Das Konzern-Aggregat leistet 105 PS und zeichnet sich durch extreme Laufruhe aus. Manchmal hilft nur der Blick auf den Drehzahlmesser, um zu klären, ob er nun in Betrieb ist oder nicht. Mit der versprochenen Sparsamkeit war es allerdings nicht so weit her. Anstelle der nach EU-Normtest ermittelten 5,1 Liter Super verkonsumierte der Toledo auf diesem Testtrip 6,9 Liter - gemessen auf einem Streckenprofil mit etwa 60 Prozent City-Anteil. Als Verbrauch im reinen Stadtverkehr gibt Seat 6,4 Liter an. Am Gewicht kann es jedenfalls nicht liegen, wenn ein Toledo sein Verbrauchsziel verfehlt, denn er gehört mit knapp mehr als 1100 Kilogramm (Basisversion) zu den Leichtgewichten seiner Klasse.

Die Stufe macht's: Vor allem in Süd- und Osteuropa wird diese Karosserieform bevorzugt.
Die Stufe macht's: Vor allem in Süd- und Osteuropa wird diese Karosserieform bevorzugt.(Foto: Axel F. Busse)

Kunden, denen ein üppiger Kofferraum wichtig ist, kommen beim Toledo voll auf ihre Kosten. 550 Liter sind ein Volumen, wie man es sonst erst bei Limousinen der oberen Mittelklasse findet. Ein Audi A6 hat beispielsweise 530 Liter, ist aber fast einen halben Meter länger. Außerdem ist beim Toledo die Ladekante bequem niedrig, so dass die Koffer nicht so hoch gehoben werden müssen.

Dass sich in der Vergangenheit die Innenausstattungen von VW- und Skoda-Modellen so wenig unterschieden, war ein selbst produziertes Ärgernis, dass die Wolfsburger jetzt nach und nach abstellen. Ein wenig schlichter soll es bei den Tochtermarken zugehen, das ist auch an diesem Seat zu erkennen. Die Verkleidungsteile aus Kunststoff sind sauber eingepasst und sollen wohnlich wirken, die genarbte Oberfläche erinnert aber dennoch an ein Niveau, auf das frühere Generationen von Korea-Importen abonniert waren. Wenn der deutsche Einstiegspreis, wie avisiert, tatsächlich deutlich unter 15.000 Euro liegt, mag das akzeptabel sein. Die 20.500 Euro, die der Basis-Toledo in Spanien kostet, muten dagegen mehr als sportlich an.

Gute Beinfreiheit im Fond

Der Testwagen war überdies mit einem Touchscreen Navigationsgerät ausgestattet, für das, laut offizieller spanischer Preisliste 800 Euro verlangt werden. Häufige Desorientierung, Probleme mit der Standortfindung und unverständliche Kommandos kennt man von den Konzern-Systemen dieses Kalibers eigentlich nicht, so dass es im Falle des Testwagens wohl als individueller Mangel angesehen werden kann. Das gilt auch für nachlässige Verarbeitung in Details wie einer wackeligen USB-Buchse und einer schlecht sitzenden Innenverkleidung der Heckklappe. Wenn der Toledo fit gemacht wird für deutsche Kunden, dürften solche Schwächen beseitigt sein.

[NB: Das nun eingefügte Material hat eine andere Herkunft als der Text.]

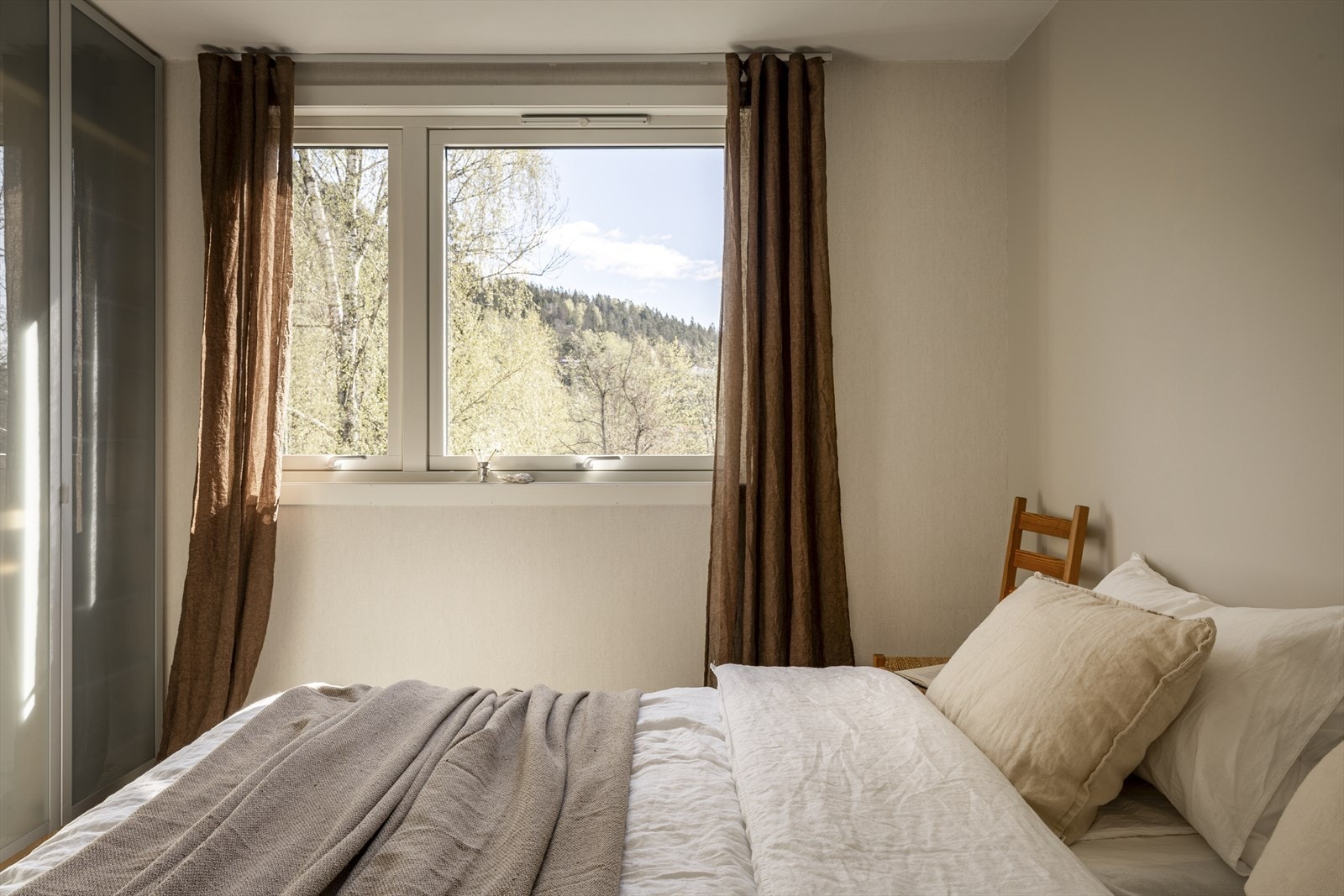 Rommet byr på hyggelig utsyn samt god plass til dobbeltseng Galleribilde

Zum Erfreulichen: Die Sitze sind bequem, wenngleich sie etwas mehr Seitenhalt bieten könnten. Auch in die zweite Reihe braucht man sich nicht zu zwängen, denn 2,60 Meter Radstand reichen aus, um den Fondpassagieren genügend Beinfreiheit zu lassen. Die Lenkung ist direkt und lässt an Präzision nichts zu wünschen übrig. Das gleiche ist von dem manuellen Sechsgang-Getriebe zu behaupten, die Fahrstufen rasten zuverlässig fast wie von selbst ein und die Wege durch die Gassen sind kurz. Kurvige Bergstraßen werden mit Leichtigkeit und Souveränität genommen. Das maximale Drehmoment von 175 Newtonmetern sieht auf dem Datenblatt zwar nicht üppig aus, aber es steht schon ab 1550 Umdrehungen zur Verfügung, weshalb der Toledo munter in Gang kommt. Sicher würde mancher Kunde auch gern eine Verbindung mit dem bewährten Doppelkupplungsgetriebe aus dem VW-Regal wählen, die ist aber bislang nur für den Top-Benziner mit 122 PS vorgesehen.

Eine solide Grundausstattung mit ESP und höhenverstellbaren Sitzen, Klimaanlage, CD-Radio und Multifunktionslenkrad spricht ebenso für den Toledo wie seine Handlichkeit und der hohe Nutzwert. Wenn der Preis stimmt, kann sich Seat, die zuletzt in Deutschland ordentliche Zuwächse erzielten, mit dem Auto gute Chancen ausrechnen.